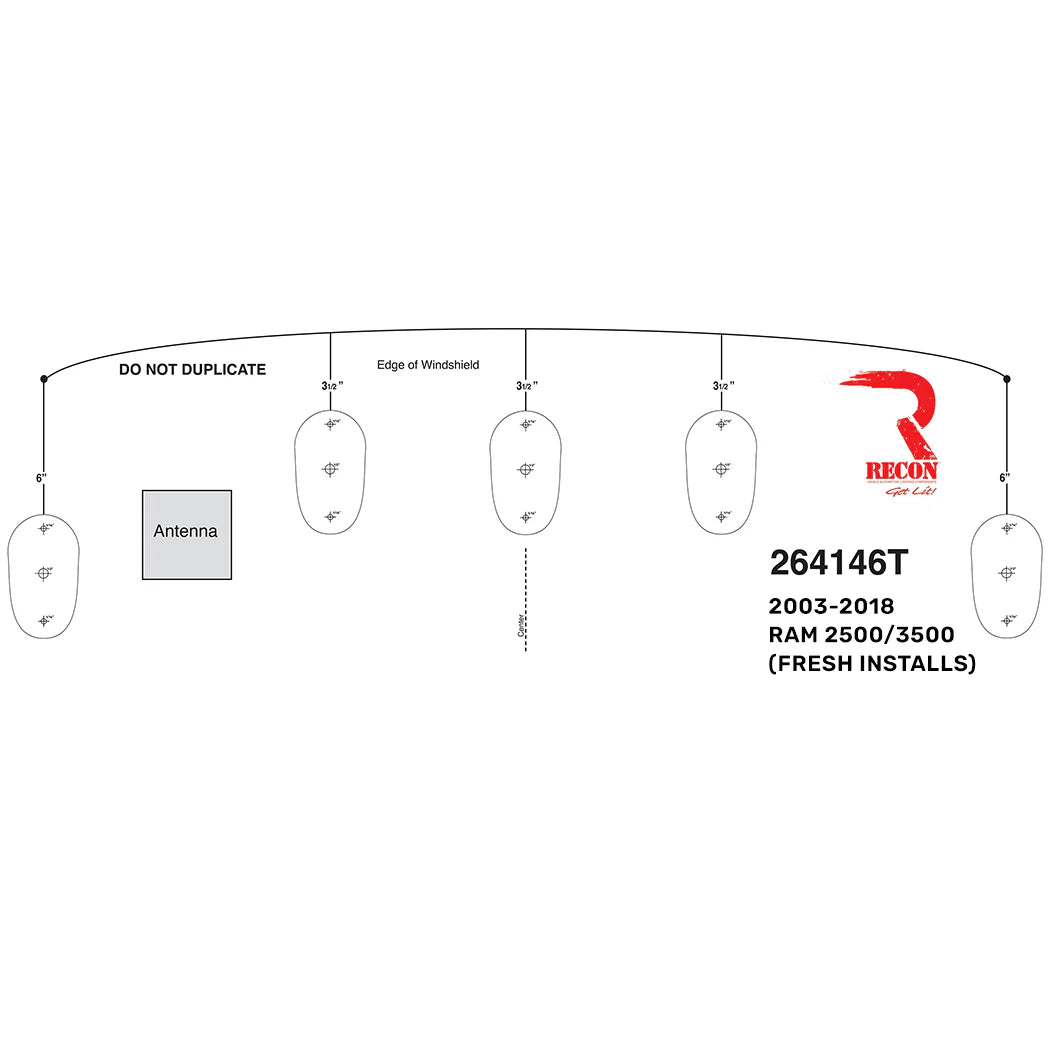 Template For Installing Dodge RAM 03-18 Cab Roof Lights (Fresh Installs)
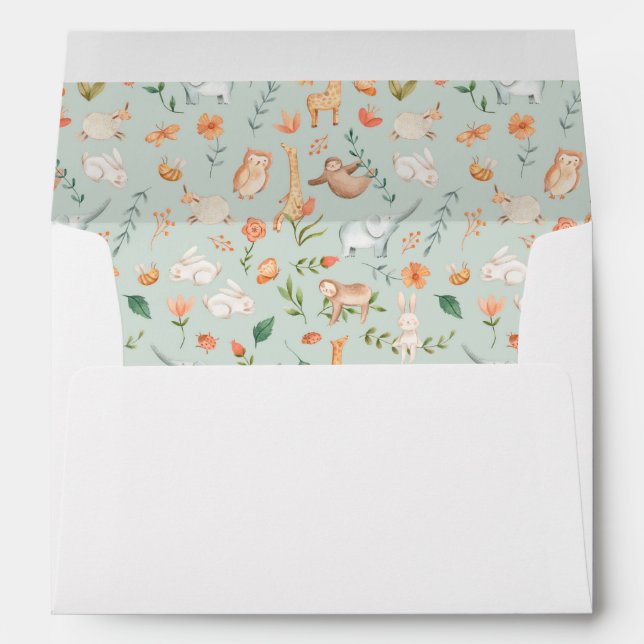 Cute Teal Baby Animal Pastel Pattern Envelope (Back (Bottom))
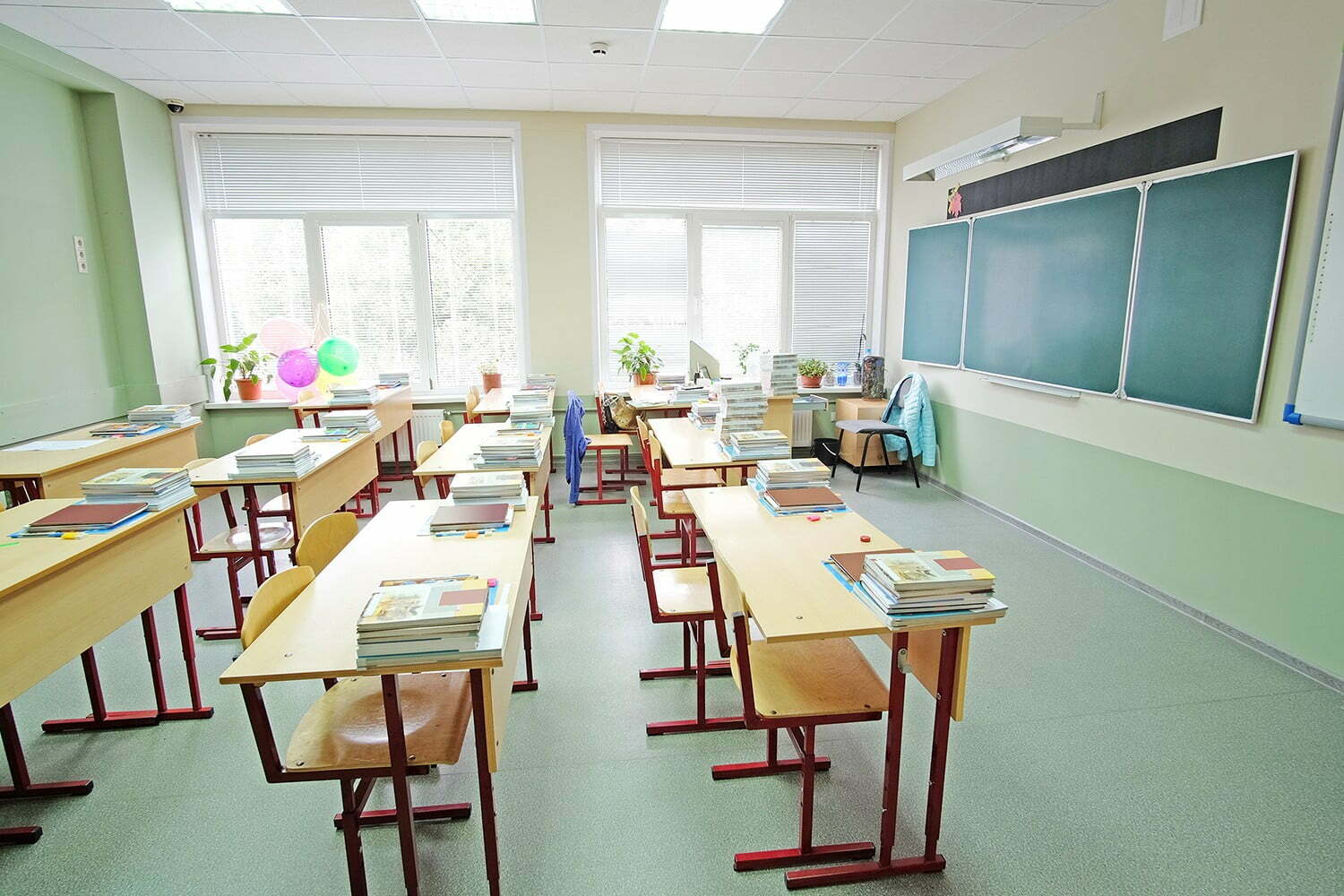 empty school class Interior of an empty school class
-=-=-
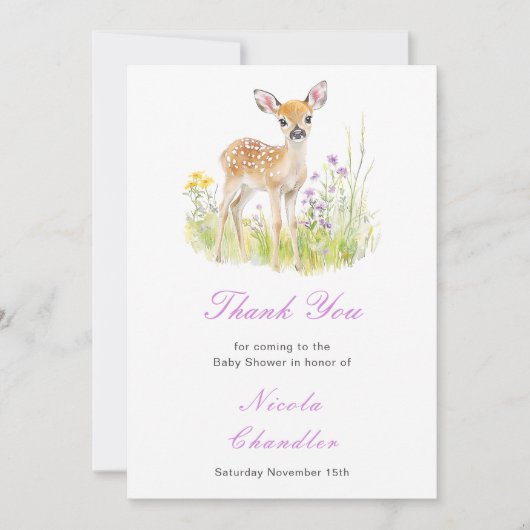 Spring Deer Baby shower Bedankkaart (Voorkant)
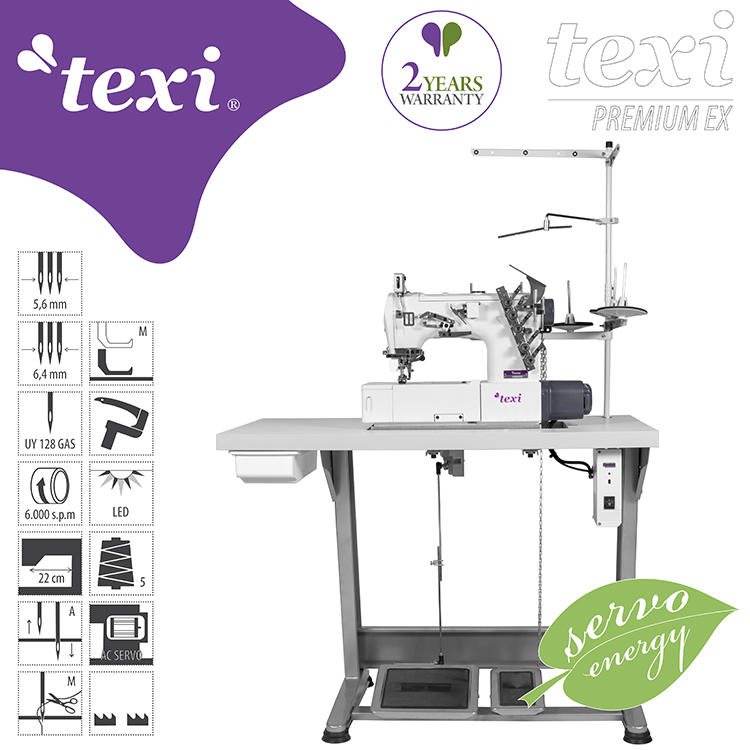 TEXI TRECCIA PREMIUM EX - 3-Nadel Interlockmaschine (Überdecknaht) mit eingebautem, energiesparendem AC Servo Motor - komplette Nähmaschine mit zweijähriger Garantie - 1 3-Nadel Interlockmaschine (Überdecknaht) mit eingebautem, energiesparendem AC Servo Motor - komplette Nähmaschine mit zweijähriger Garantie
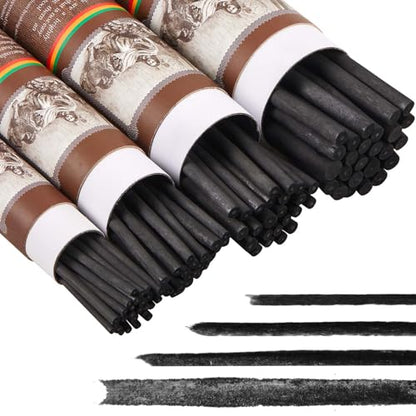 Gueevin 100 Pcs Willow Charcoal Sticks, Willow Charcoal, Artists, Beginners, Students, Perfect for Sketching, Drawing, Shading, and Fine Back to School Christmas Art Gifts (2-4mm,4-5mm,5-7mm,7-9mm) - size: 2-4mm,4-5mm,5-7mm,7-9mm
-=-=-
- **THE TASK**
From the data above, retype only the lines starting with the line with "TEXI TRECCIA PREMIUM" and going on through the line with "Gueevin 100 Pcs", exactly, leaving out the pictures.

- **SOLUTION TO THIS EXERCISE**
 TEXI TRECCIA PREMIUM EX - 3-Nadel Interlockmaschine (Überdecknaht) mit eingebautem, energiesparendem AC Servo Motor - komplette Nähmaschine mit zweijähriger Garantie - 1 3-Nadel Interlockmaschine (Überdecknaht) mit eingebautem, energiesparendem AC Servo Motor - komplette Nähmaschine mit zweijähriger Garantie
 Gueevin 100 Pcs Willow Charcoal Sticks, Willow Charcoal, Artists, Beginners, Students, Perfect for Sketching, Drawing, Shading, and Fine Back to School Christmas Art Gifts (2-4mm,4-5mm,5-7mm,7-9mm) - size: 2-4mm,4-5mm,5-7mm,7-9mm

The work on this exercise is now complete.